[PATCH] arm64: add NUMA emulation support

* [PATCH] arm64: add NUMA emulation support
@ 2018-08-24 23:05 Shuah Khan (Samsung OSG)
  2018-08-28 17:40 ` Will Deacon
  0 siblings, 1 reply; 15+ messages in thread
From: Shuah Khan (Samsung OSG) @ 2018-08-24 23:05 UTC (permalink / raw)
  To: catalin.marinas, will.deacon, sudeep.holla, ganapatrao.kulkarni
  Cc: Shuah Khan (Samsung OSG), linux-arm-kernel, linux-kernel

Add NUMA emulation support to emulate NUMA on non-NUMA platforms. A new
CONFIG_NUMA_EMU option enables NUMA emulation and a new kernel command
line option "numa=fake=N" allows users to specify the configuration for
emulation.

When NUMA emulation is enabled, a flat (non-NUMA) machine will be split
into virtual NUMA nodes when booted with "numa=fake=N", where N is the
number of nodes, the system RAM will be split into N equal chunks and
assigned to each node.

Emulated nodes are bounded by MAX_NUMNODES and the number of memory block
count to avoid splitting memory blocks across NUMA nodes.

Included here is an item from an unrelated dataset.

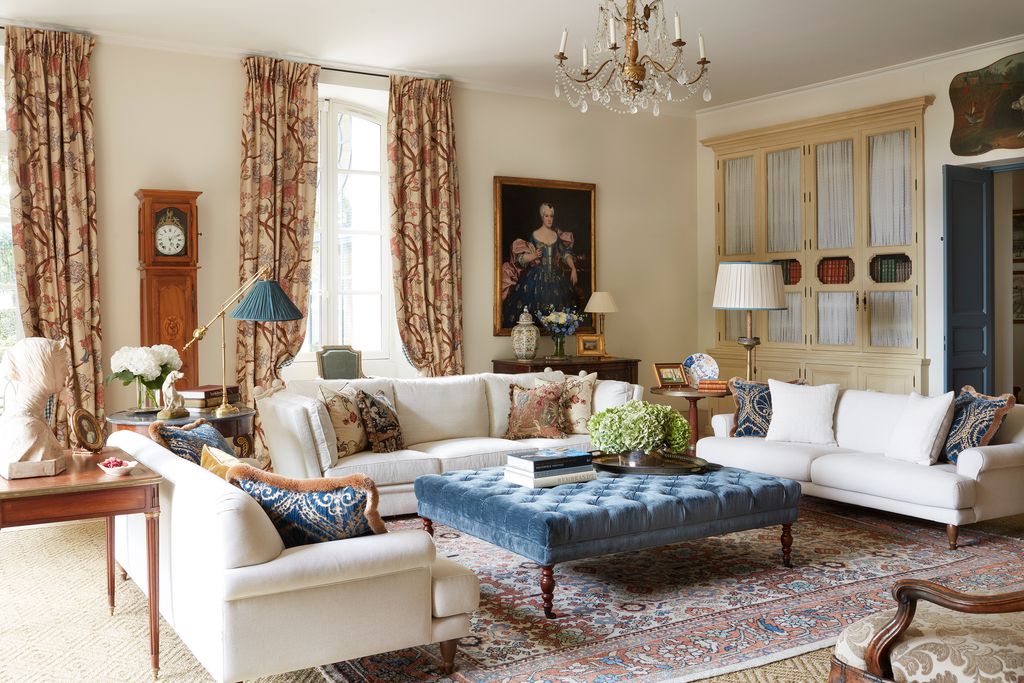 Image may contain Furniture Living Room Indoors Room Rug Couch and Table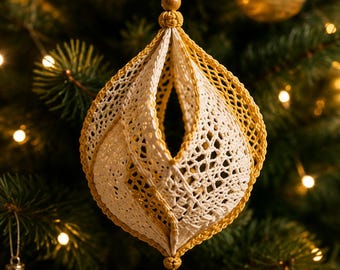 May include: A hanging ornament featuring a teardrop-shaped structure made of cream and mustard yellow crocheted lace. The design includes a central open space, wooden beads at the top and bottom, and a dual-colored tassel hanging from the base.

If NUMA emulation init fails, it will fall back to dummy NUMA init.

This is tested on Raspberry Pi3b+ with ltp NUMA test suite, numactl, and
numastat tools. In addition, tested in conjunction with cpuset cgroup to
verify cpuset.cpus and cpuset.mems assignments.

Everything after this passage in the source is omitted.